The Danger of Being a Palestinian Citizen of Israel (Mairav Zonszein//NYT 3/8/26)

“A Palestinian citizen of Israel has been killed at least once every day on average since the year began…Palestinian citizens account for about 80 percent of documented murders in the country although they make up only about 20 percent of the population…Palestinian citizens of Israel are everywhere and yet nowhere. They account for at least 25 percent of the country’s physicians, 49 percent of its pharmacists and 27 percent of its hospital nurses. They are bus drivers, waiters, teachers and professors. Jewish Israelis come into contact with them all the time. Yet Palestinian Israelis live with deep-seated segregation and institutional inequalities when it comes to basic rights, services, housing, security and the economy. That has enabled organized crime groups to step into the vacuum, taking advantage of Palestinian communities…The crime epidemic is believed to be largely driven by a network of Palestinian Israeli crime families that the state has long failed to rein in. These families engage in protection rackets, loan sharking and arms and drug trafficking across Palestinian cities and towns in Israel…“There is an understanding that they are trying to push us to leave the country,” Aida Touma-Suleiman, a Palestinian Israeli member of the Knesset, told me. “If in the West Bank the state uses settlers to ethnically cleanse Palestinians, inside Israel they are using organized crime groups.”’

Israelis and Americans Have Wildly Different Opinions on the Iran War. Does It Matter? (Dahlia Scheindlin//Haaretz 3/10/26)

“The U.S.-Israeli war effort against Iran appears to have tightened the world’s tightest international partnership among its political and military elites. But public opinion surveys show the two societies view this war very differently. During the first week of the war, polls from the Israel Democracy Institute and the Institute for National Security Studies have found that over 90 percent of Jewish Israelis support it. The very low level of support among Arab Palestinian citizens brings the national average of support down to just over 80 percent…Americans, by contrast, have been asking themselves just why America is going to war, and the lack of clear answers has left the majority skeptical. A poll by NPR, PBS news and Marist last week (March 2-4) found that 56 percent of Americans were against the U.S. military action in Iran (as per the question wording), with just 44 percent for it…The basic contrast – near-consensus support among the Jewish population in Israel versus majority American opposition – isn’t entirely mysterious. For Americans…Iran was just one more foreign policy issue they could choose to think about or not. By contrast, Israelis live with Iran, which arms and funds violent actors attacking Israel from its perimeters. Iran looms larger than almost anything in Netanyahu’s rhetoric and his leadership.

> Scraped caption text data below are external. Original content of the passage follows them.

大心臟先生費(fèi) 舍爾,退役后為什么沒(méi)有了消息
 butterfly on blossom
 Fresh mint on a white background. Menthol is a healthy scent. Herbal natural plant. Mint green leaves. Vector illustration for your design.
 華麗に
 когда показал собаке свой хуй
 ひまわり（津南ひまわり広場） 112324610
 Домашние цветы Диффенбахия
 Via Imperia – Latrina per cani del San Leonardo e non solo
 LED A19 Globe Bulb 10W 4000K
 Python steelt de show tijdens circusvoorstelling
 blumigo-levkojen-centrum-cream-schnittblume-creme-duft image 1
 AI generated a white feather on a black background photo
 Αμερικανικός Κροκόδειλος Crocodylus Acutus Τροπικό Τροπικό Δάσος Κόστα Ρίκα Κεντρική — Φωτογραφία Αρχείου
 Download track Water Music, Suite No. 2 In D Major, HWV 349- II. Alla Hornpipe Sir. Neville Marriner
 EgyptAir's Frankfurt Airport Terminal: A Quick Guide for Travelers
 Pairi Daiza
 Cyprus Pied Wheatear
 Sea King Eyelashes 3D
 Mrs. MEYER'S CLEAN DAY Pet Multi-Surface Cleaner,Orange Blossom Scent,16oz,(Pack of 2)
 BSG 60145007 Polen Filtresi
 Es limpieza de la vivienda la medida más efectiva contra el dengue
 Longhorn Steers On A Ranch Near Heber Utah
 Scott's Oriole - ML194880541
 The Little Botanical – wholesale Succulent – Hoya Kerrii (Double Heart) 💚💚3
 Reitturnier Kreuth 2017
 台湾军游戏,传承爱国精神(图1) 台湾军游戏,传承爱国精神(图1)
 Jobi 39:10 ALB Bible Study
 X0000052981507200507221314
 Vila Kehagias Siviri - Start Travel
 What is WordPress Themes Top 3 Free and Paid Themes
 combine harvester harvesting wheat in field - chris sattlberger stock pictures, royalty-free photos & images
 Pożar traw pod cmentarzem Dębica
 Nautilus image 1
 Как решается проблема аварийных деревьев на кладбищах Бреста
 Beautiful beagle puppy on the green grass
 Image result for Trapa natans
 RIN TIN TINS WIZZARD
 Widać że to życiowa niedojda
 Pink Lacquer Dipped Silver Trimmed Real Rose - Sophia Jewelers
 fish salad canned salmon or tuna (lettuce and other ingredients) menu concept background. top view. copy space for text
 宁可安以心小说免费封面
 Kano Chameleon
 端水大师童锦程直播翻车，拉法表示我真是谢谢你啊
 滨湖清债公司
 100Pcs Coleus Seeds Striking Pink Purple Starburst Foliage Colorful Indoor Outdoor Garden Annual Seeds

After the Hamas attack of October 7, Israeli Jews became more convinced than ever that Iran is the biggest and perhaps exclusive threat facing them (and the world). In the Israeli view, diplomacy is for amateurs and bleeding hearts – the only solution is war.”

U.S. SCENE

Trump gives longest interview since war began, says ‘we have to wipe out the evil’ (Haaretz 3/13/26)

“President Donald Trump gave his longest interview since the start of the war in a conversation with social media influencer Jake Paul, discussing military actions, negotiations, and Israel’s security…Trump said, “I think I have tremendous support on this. I have the best poll numbers I’ve ever had now.”’ See also Unlike Past U.S. Conflicts, Iran Attack Is Opposed by Most Americans (NYT 3/10/26); NEW POLL: Majority of Americans Believe Trump Launched Iran War to Cover Up Epstein Scandal (Ryan Grim//Drop Site 3/11/26)

Michigan synagogue attacker’s relatives killed in Israeli airstrike in Lebanon, officials say (CNN 3/13/26)

“A week before Thursday’s attack on a Michigan synagogue, the suspect’s two brothers and two of their children were killed in an Israeli airstrike in Lebanon, the mayor of the Lebanese village where they lived told CNN. The Department of Homeland Security said that Ayman Mohamad Ghazali, 41, drove a vehicle laden with explosives into Temple Israel in West Bloomfield Township near Detroit. It then caught fire, in what the FBI called a “targeted act of violence against the Jewish community.” The FBI said the agency is continuing to investigate the attack. Ghazali was killed after security officers for the synagogue engaged him and “neutralized the threat,” West Bloomfield Police Chief Dale Young said Thursday. One security officer was hurt in the attack, and at least 30 law enforcement officers were treated for smoke inhalation, authorities said.”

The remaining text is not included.